Franchise fees typically range from $25,000 to $75,000 with additional build-out costs running $250,000 to $500,000 or higher depending on the concept. If the system experiences 10 percent annual closures, your capital investment faces substantial risk. Closed units data is your primary tool to evaluate that risk before committing.
How It Works
- Disclosure requirement: Item 20 of the FDD lists all franchise locations that closed during the previous three fiscal years, with the date of closure and stated reason.
- Data analysis: Calculate the closure percentage by dividing closed units by total units operating at the start of the period. A system with 200 units and 15 closures in one year has a 7.5 percent closure rate. Compare this against the turnover rate to see the full picture of unit stability.
- Pattern recognition: Look for clusters in closure reasons. If closures cite "franchisor termination," dig into the renewal terms and franchisor obligations outlined in Items 16 and 17. If closures cite "financial hardship," examine Item 19 financial performance representations to see if the franchisor's projections were realistic.
- Territorial impact: Review whether closures concentrated in specific territories. If half the closures occurred in one region, ask whether territory rights were oversold or market conditions changed. This directly affects your location strategy and potential for open units expansion.
- Timing considerations: Closures reported during economic downturns may be recoverable, while steady closures in growth markets indicate systemic problems with the franchise system itself.
Key Details
- Item 20 data must span three complete fiscal years. If you receive an FDD dated March 2024, closure data covers fiscal years 2021, 2022, and 2023.
- Franchisees who voluntarily exit without renewing are typically listed as closures even if they sold the location to another operator. This distinction matters for understanding true failure versus transition.
- The FDD does not require franchisors to disclose the reason for closure if the franchisee objects, though most do provide explanations. Press your franchisor contact for clarification on vague descriptions.
- Recent closures weighted more heavily than older ones. A system that closed 20 units in 2021 but zero in 2023 shows improvement. Conversely, accelerating closures suggest deteriorating conditions.
- Compare closed units against franchise fee and support structures. A high-support concept (like service franchises with ongoing training) should show lower closure rates than low-support concepts (product distribution). If it doesn't, the franchisor may not be delivering promised support.
Common Questions
- Should I reject a franchise system with any closed units? No. Zero closures in any system larger than 50 units is statistically impossible. Industry baseline closure rates run 5 to 10 percent annually depending on the sector. Focus on whether closures are accelerating, where they concentrate geographically, and whether stated reasons align with observable market conditions.

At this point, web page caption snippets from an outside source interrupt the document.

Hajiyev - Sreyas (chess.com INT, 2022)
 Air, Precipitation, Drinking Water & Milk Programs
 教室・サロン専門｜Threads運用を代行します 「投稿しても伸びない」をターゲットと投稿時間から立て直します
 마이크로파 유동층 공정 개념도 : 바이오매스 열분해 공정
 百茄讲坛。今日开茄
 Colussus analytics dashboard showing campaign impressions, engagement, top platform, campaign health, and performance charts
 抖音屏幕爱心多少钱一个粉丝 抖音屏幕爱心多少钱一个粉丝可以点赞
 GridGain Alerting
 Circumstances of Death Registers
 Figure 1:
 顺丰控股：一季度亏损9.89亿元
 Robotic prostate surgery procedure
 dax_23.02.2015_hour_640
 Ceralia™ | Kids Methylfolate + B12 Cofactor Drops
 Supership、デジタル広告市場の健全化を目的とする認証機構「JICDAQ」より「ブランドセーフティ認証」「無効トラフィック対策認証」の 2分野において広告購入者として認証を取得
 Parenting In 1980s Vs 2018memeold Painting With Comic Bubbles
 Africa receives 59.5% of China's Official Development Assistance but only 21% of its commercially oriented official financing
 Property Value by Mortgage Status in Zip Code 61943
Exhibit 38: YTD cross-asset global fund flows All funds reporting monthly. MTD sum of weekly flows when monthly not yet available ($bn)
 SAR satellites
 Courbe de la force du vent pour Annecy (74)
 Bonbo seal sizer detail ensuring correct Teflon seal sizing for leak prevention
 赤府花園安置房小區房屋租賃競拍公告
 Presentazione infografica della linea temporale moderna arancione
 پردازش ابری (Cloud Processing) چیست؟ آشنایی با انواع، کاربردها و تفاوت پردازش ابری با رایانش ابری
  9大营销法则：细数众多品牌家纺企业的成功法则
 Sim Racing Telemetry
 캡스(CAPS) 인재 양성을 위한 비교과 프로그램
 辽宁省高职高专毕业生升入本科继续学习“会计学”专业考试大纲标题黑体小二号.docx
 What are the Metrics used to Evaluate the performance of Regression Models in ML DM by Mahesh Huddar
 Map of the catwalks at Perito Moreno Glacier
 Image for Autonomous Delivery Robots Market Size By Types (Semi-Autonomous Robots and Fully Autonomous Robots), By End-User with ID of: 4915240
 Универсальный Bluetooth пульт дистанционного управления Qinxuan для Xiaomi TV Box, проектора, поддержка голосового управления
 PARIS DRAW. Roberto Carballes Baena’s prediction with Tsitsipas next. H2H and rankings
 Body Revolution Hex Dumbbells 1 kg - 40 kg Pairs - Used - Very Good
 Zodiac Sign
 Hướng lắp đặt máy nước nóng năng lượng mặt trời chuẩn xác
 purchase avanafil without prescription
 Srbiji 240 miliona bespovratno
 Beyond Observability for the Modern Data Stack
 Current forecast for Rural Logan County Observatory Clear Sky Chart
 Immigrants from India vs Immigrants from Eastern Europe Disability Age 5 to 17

- How do I verify the closure reasons listed in Item 20? Call 3 to 5 closed franchisees directly using contact information the franchisor provides. Ask specifically about franchisor support quality, whether initial investment projections proved accurate, and whether they'd enter the system again knowing what they know now. Their honest feedback often contradicts the sanitized FDD language.
- What closure rate is acceptable when deciding between two franchise systems? If System A shows 8 percent annual closures and System B shows 12 percent, and both require similar initial investment, System A represents lower risk. Calculate your personal risk tolerance based on your capital reserves. If you can absorb a failed location and continue, higher closure rates become more acceptable. If this is your only investment, minimize risk by choosing the system with stronger unit retention.
Related Concepts
- Open Units represent available franchise opportunities within your territory. Closed units impact open unit availability because terminated locations revert to franchisor control.
- Turnover Rate includes both closed units and units that changed ownership. Together, these metrics show total unit instability within the system.